La indagación filosófica toma
entonces el siguiente derrotero: para saber cuál será
la actitud más razonable ante la muerte habrá que considerar cuál es el
escenario posterior a la muerte más verosímil… y esto nos lleva a considerar el
elemento clave, el punto sobre el que pivota finalmente todo: la existencia de Dios,
que Soler Gil aborda de manera sintética (tenemos a nuestra disposición otros
libros del mismo autor donde aborda esta cuestión de modo extenso) y
priorizando su campo de especialización, el de la física, que para sorpresa de
algunos cientifistas de corto recorrido, cada vez es más consistente con la
hipótesis de la existencia de Dios. Se puede decir mucho más sobre la
cuestión, pero en estos «indicios de la
existencia de Dios a partir de la física» nos deja el autor unas páginas fascinantes.
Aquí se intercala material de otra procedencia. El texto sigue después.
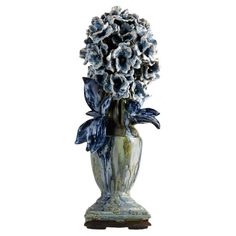 a blue and white vase with flowers in it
Son numerosas las ocasiones en
que, leyendo estas indagaciones sobre la muerte, uno siente un enorme deseo de
sumarse a ellas, de señalar su acuerdo o matizar alguna afirmación, de
preguntar para comprender mejor o aportar un detalle que uno cree que completa
lo expuesto. Y es que estas reflexiones son también una conversación
en la que, primordialmente, Francisco José invita a su amigo Javier, de quien adivina ya algunas objeciones, y en la
que generosamente nos permite colarnos.
Concluye Soler Gil con unas
reflexiones personales que desbordan el marco puramente filosófico (pero no lo
contradicen) y que me parecen pertinentes y entrañables. Porque en última
instancia, todo se resume en saber en quién ponemos nuestra
confianza (por caminos inusitados, el autor llega allí donde san
Claudio de Colombière en su obrita «El abandono confiado a la divina Providencia»).
Hay
que confiar y dejarse sorprender, sostiene el autor, y mientras tanto rezar por los muertos, rezar por Javier, en la
confianza de que podremos de nuevo retomar con él esas conversaciones que
tanto, y muy en especial Soler, echamos de menos.